The Way of Improvement Leads Home: Philip Vickers Fithian's Rural Enlightenment, by John Fea

Teaching the Article
Exercise 4, Friendship and Self-Improvement

A. Fithian's Fellowship of Cohansey Friends

Fithian's rural Enlightenment was intimately connected to the social circles of his Cohansey home, which were deeply influenced by Presbyterian moral teaching. All the documents listed below provide insights into Fithian's fellowship of Cohansey Presbyterian friends. The letters not only shed light on the intellectual topics that animated this circle, but they also provide a glimpse of the way letters could create a scribal community of enlightened conversation in the remote region of Cohansey. How did the themes of the following letters--friendship, morals, education, progress--help shape the community that the letters themselves were creating among Cohansey's young people?

Documents:

1. Fithian to Sally Dare, June 8, 1767

2. James Ewing to Irenio (Fithian), July 27, 1767

3. Fithian, "An Epistle to Miss Amy Fithian. . .," December 8, 1769"

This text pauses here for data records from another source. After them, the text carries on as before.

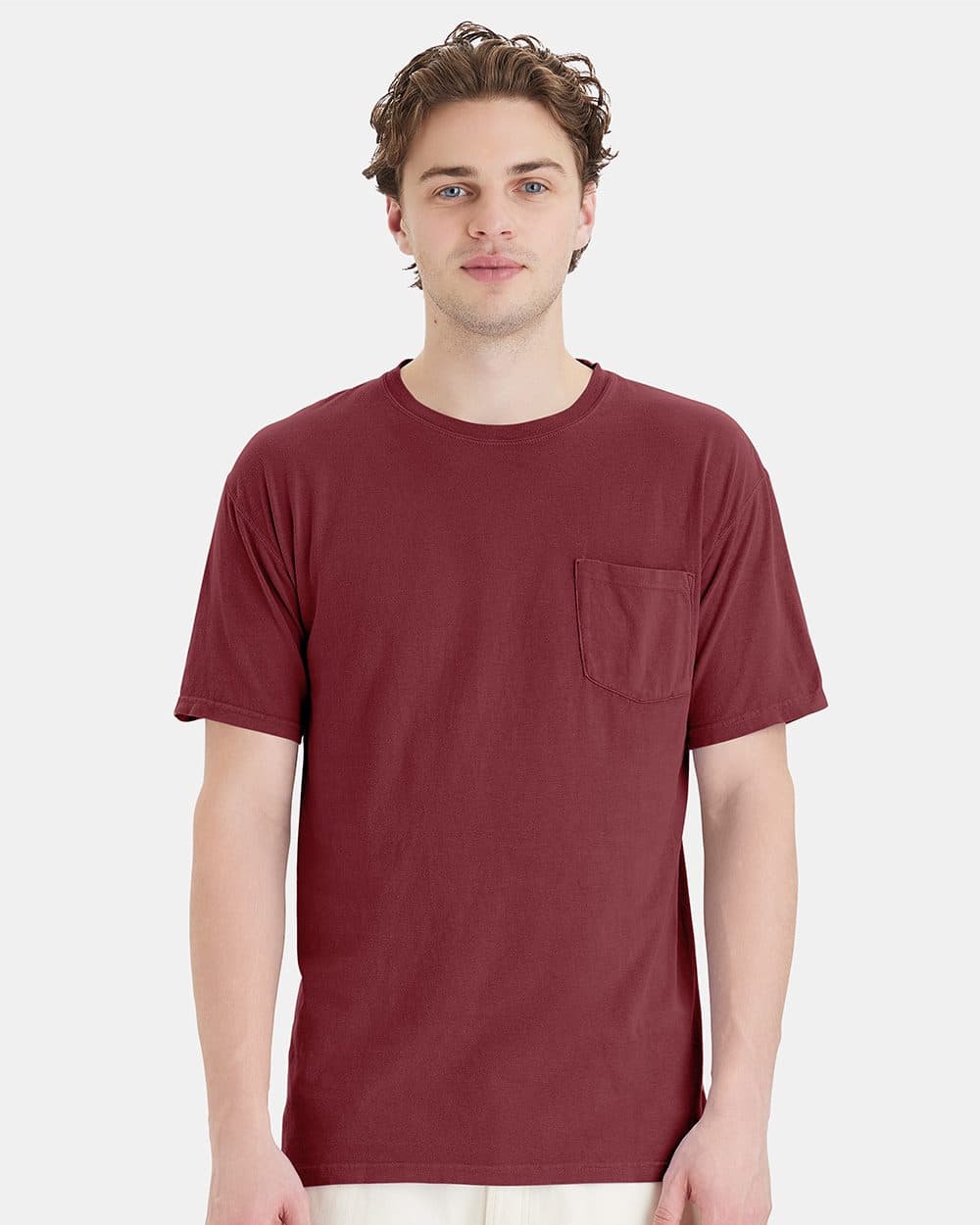 Image for Unisex Garment-Dyed Pocket T-Shirt - GDH150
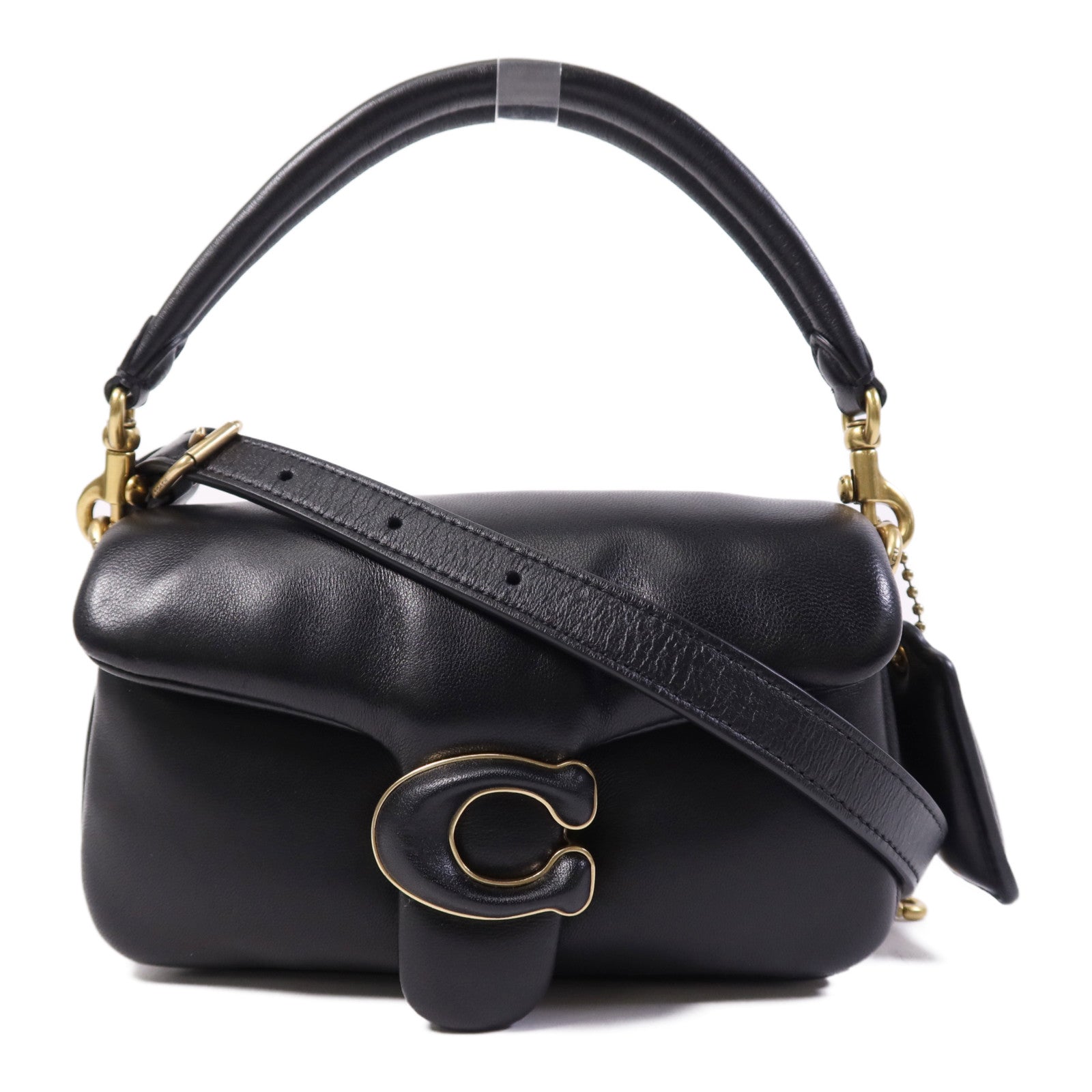 COACH 羊皮皮革Mini 2 Way Bag金扣手挽肩背兩用袋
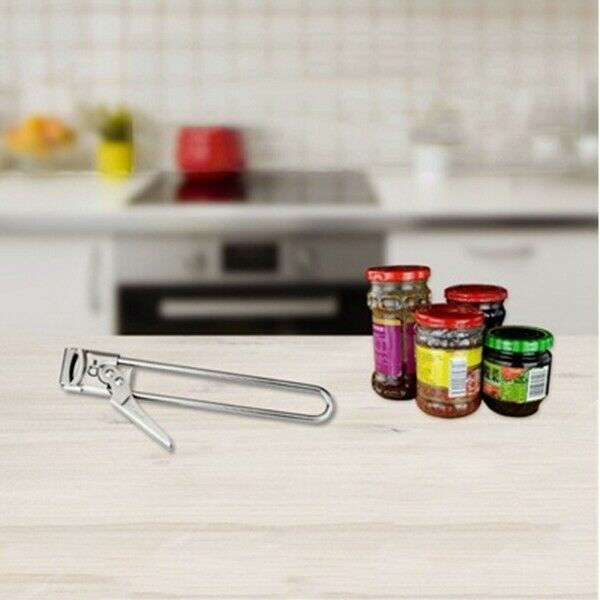 Stainless Steel Opener Adjustable Can Bottle Jar Opener Twist Opening Tool AntD9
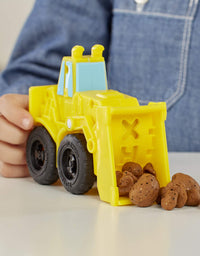 Play-Doh Wheels Excavator and Loader Toy Construction Trucks with Non-Toxic Sand Buildin' Compound Plus 2 Additional Colors (Amazon Exclusive)
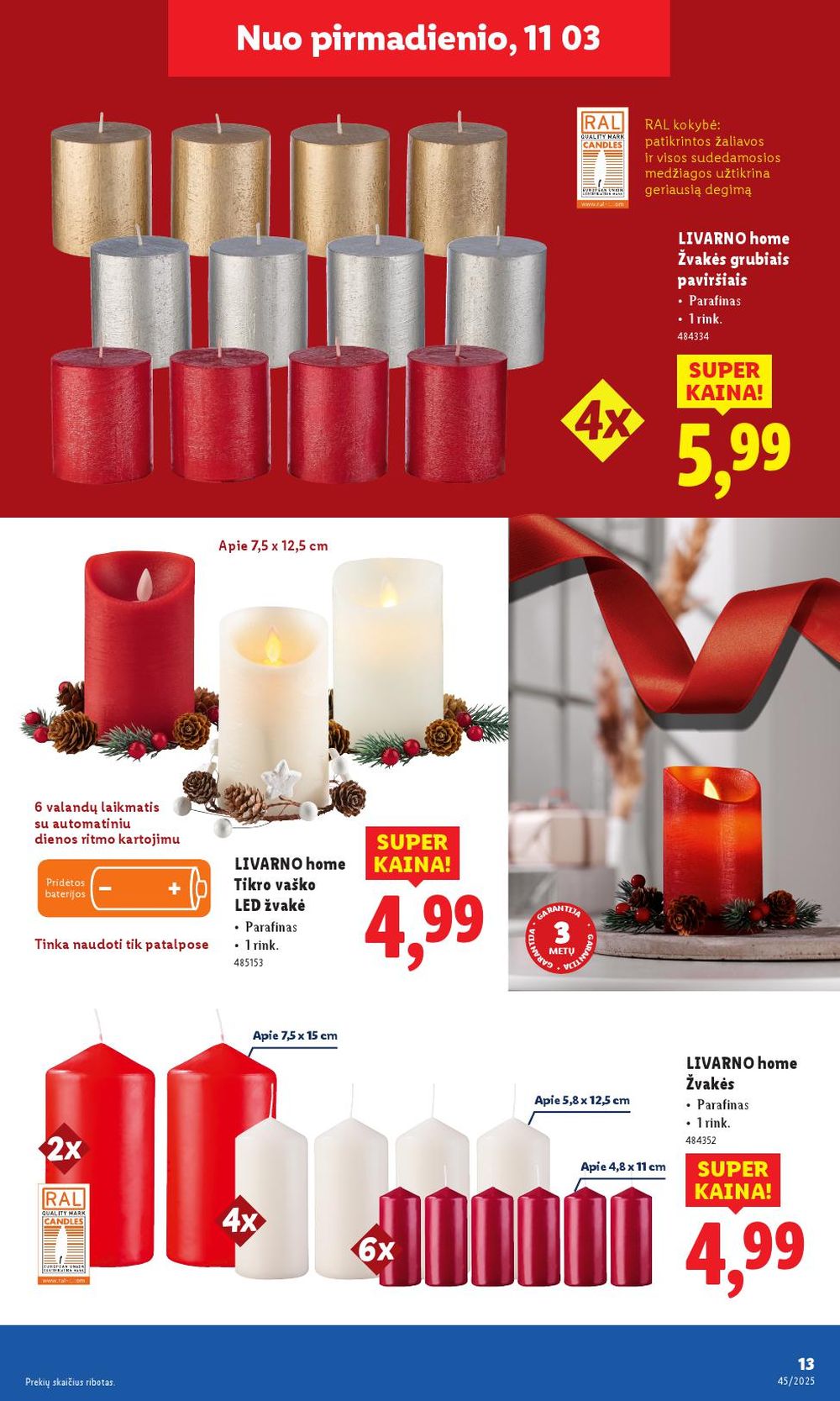 lidl - LIDL - Ne maisto prekių pasiūlymai (2025 11 03 - 2025 11 09) - page: 13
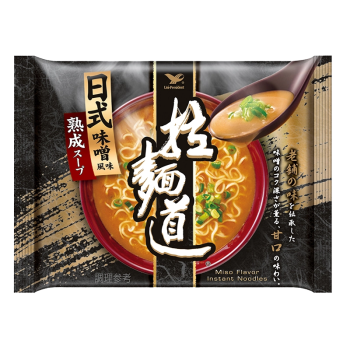 【拉麵道】日式味噌風味 - 袋麵（24 入 / 箱）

4. Thomas Ewing (at Greenwich) to Fithian (at Princeton), Feb 7, 1771

 

B. The Bridge-town Admonishing Society

Now read Fithian's "opening address" to a group of friends who called themselves the Bridge-town Admonishing Society. Note the society's emphasis on cosmopolitan ends, the controlling of the passions, and mutual improvement in the context of a moral community.

Document:

1. Opening Address, Bridge-town Admonishing Society, March 16, 1773.

 

C. Cohansey's Enlightenment

Finally, go back to exercise 1. Does the fact that all of the documents listed above were written in Cohansey, an agricultural community distant from any major early American city, change the way you thought about the sites in which the Enlightenment could be lived? Does the fact that all of these documents were written to and by Presbyterians mean anything?